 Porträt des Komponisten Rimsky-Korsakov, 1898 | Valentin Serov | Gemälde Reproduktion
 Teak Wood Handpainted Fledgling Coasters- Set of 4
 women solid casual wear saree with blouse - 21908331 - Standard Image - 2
...
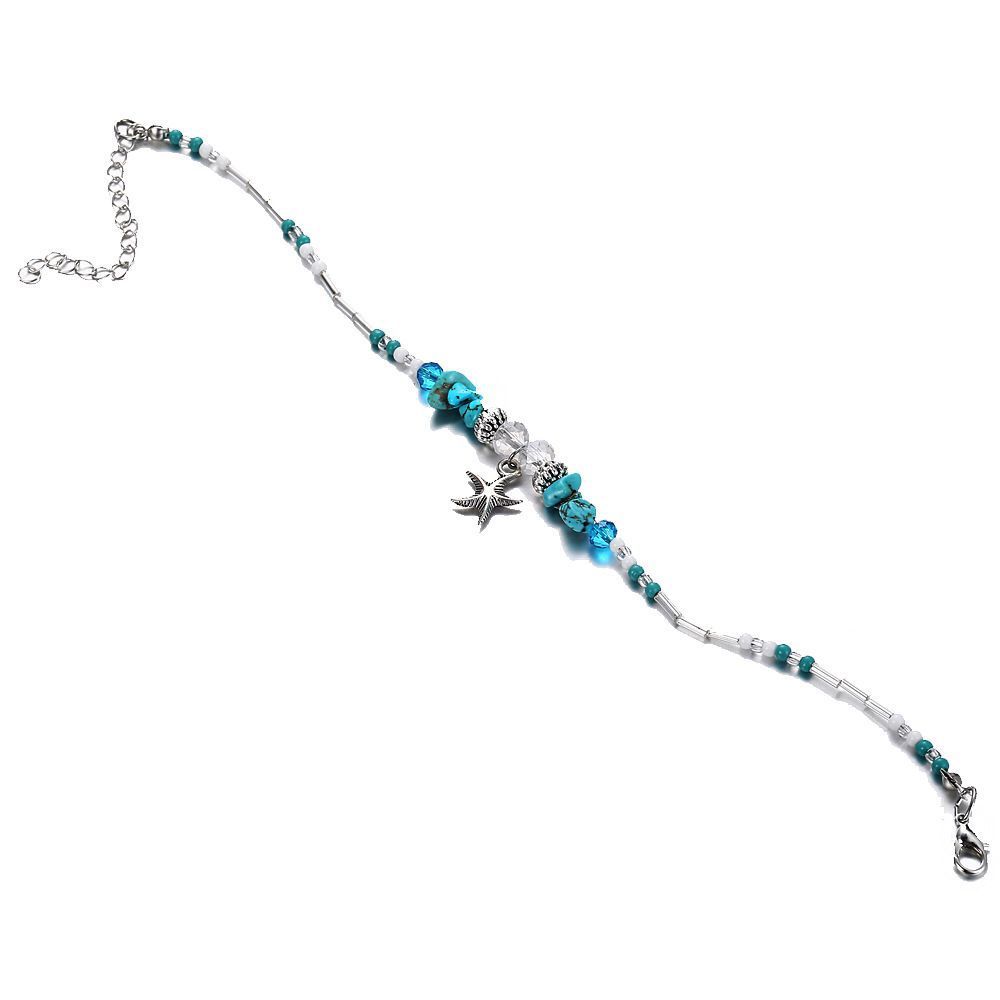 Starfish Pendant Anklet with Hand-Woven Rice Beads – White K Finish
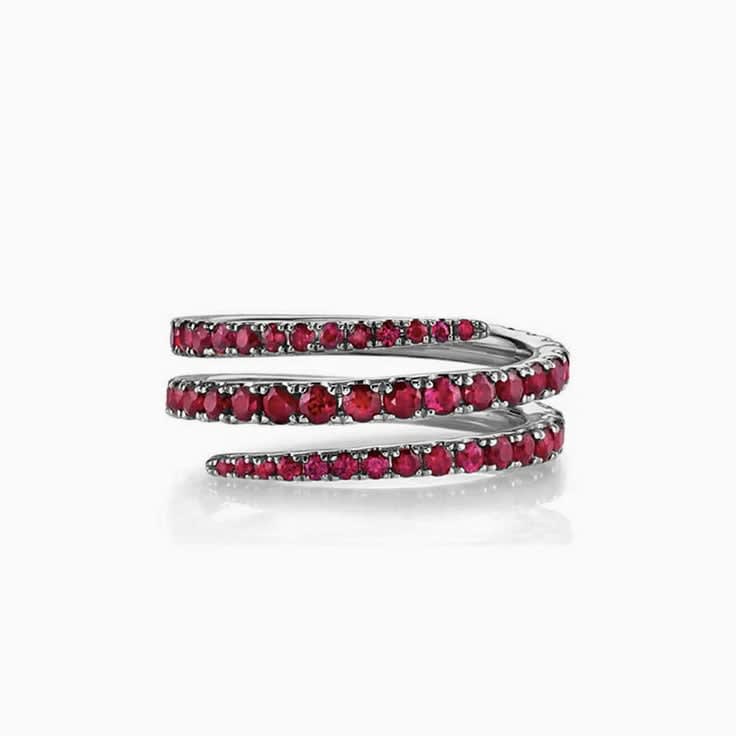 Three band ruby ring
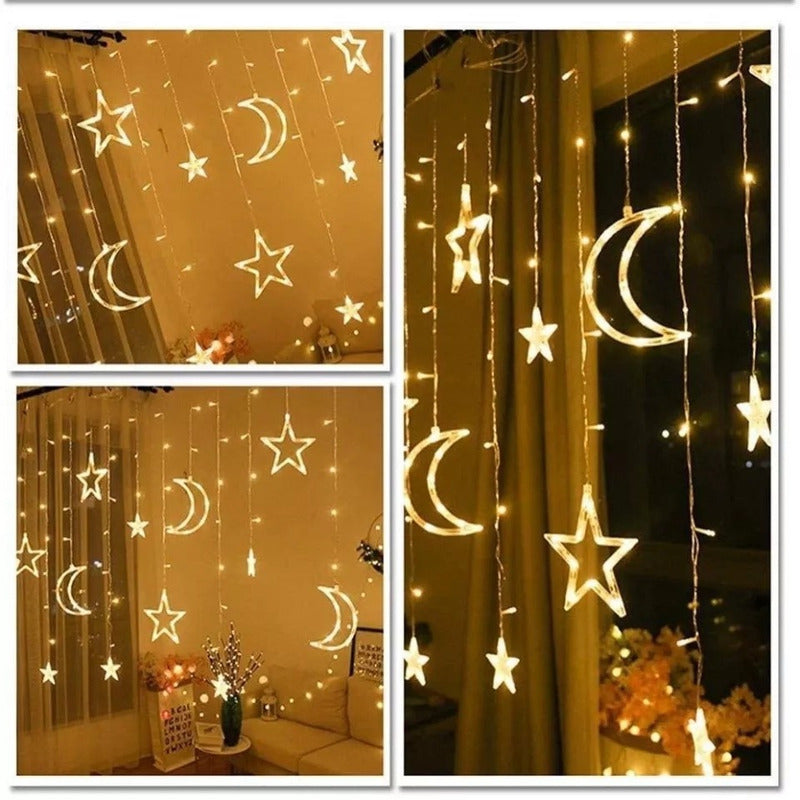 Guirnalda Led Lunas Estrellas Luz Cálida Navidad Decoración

▶ Assignment
All that is wanted is the stretch of lines above from the one containing "Porträt des Komponisten" through the one containing "women solid casual", duplicated exactly.

▶ Problem solution
 Porträt des Komponisten Rimsky-Korsakov, 1898 | Valentin Serov | Gemälde Reproduktion
 Teak Wood Handpainted Fledgling Coasters- Set of 4
 women solid casual wear saree with blouse - 21908331 - Standard Image - 2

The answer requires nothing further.